The LA Times worries for the future of the neighborhood

Inside Las Palomas, Boyle Heights
Inside Las Palomas, Boyle Heights
Farley Elliott is the Senior Editor at Eater LA and the author of Los Angeles Street Food: A History From Tamaleros to Taco Trucks. He covers restaurants in every form, from breaking news to the culture, people, and history that surrounds LA's dining landscape.

Boyle Heights local watering hole Las Palomas has faded away, adding to the pile of discarded concepts that have come and gone in the face of intractable change on the Eastside. The 'gentrification' of places like Highland Park and Eagle Rock have long been rumored in Boyle Heights, with the LA Times using the closure of the bar as a cause célèbre to discuss the rising tides of change.

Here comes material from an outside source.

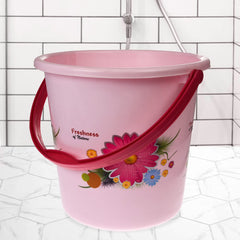 Heart Home Bucket|Plastic Bucket for Bathroom|Bucket for Bathing|Unbreakable Printed Bucket with Handle|18 Liter|Pack of 2 (Pink)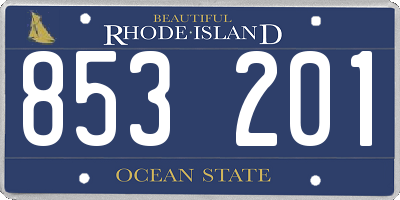 RI license plate 853201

By its own admission, Las Palomas was a simple place for locals to stop and grab a drink, while the rest of Downtown and the world whizzed past from beyond First Street. First opened in 1963 and situated on a major corridor for the area, the bar would become something of a planted flag for the neighborhood as it transitioned from Jews and Russians to Japanese and ultimately Mexicans and Mexican-Americans.

The first real signs of trouble didn’t come until 2006, when Eastside Luv, a rollicking wine bar catering to a younger clientele, opened up next door. Interestingly enough, that schism between worlds earned its own "change is coming" treatment in the Times back in April.

Whatever the true results of Las Palomas’ closure — rising rents, changing clientele — the sturdy drink spot will be sorely missed by locals. But, as the Times points out, you could always get a beer from upstart Indie Brewing down the street instead.